-- Data for this exercise follows --

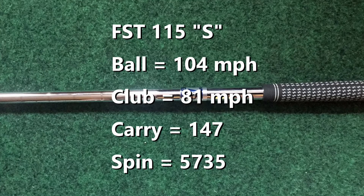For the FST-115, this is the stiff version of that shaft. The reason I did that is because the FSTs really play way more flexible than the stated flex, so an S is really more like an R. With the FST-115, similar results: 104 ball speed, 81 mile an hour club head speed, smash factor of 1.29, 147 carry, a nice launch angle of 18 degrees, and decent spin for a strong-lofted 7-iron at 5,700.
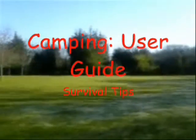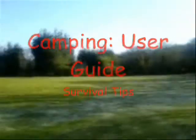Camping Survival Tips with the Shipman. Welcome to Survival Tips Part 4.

-- Data for this exercise concluded --
-- Data for this exercise follows --

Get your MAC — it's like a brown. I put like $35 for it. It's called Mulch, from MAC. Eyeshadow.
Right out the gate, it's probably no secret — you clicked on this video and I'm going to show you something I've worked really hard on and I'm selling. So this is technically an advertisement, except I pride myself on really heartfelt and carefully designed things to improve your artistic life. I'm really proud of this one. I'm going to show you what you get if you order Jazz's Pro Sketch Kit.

-- Data for this exercise concluded --

### Work item
Return only the part of the records above that opens with the line containing "Get your MAC" and closes with the line containing "Right out the", ends included.

### Written answer
Get your MAC — it's like a brown. I put like $35 for it. It's called Mulch, from MAC. Eyeshadow.
Right out the gate, it's probably no secret — you clicked on this video and I'm going to show you something I've worked really hard on and I'm selling. So this is technically an advertisement, except I pride myself on really heartfelt and carefully designed things to improve your artistic life. I'm really proud of this one. I'm going to show you what you get if you order Jazz's Pro Sketch Kit.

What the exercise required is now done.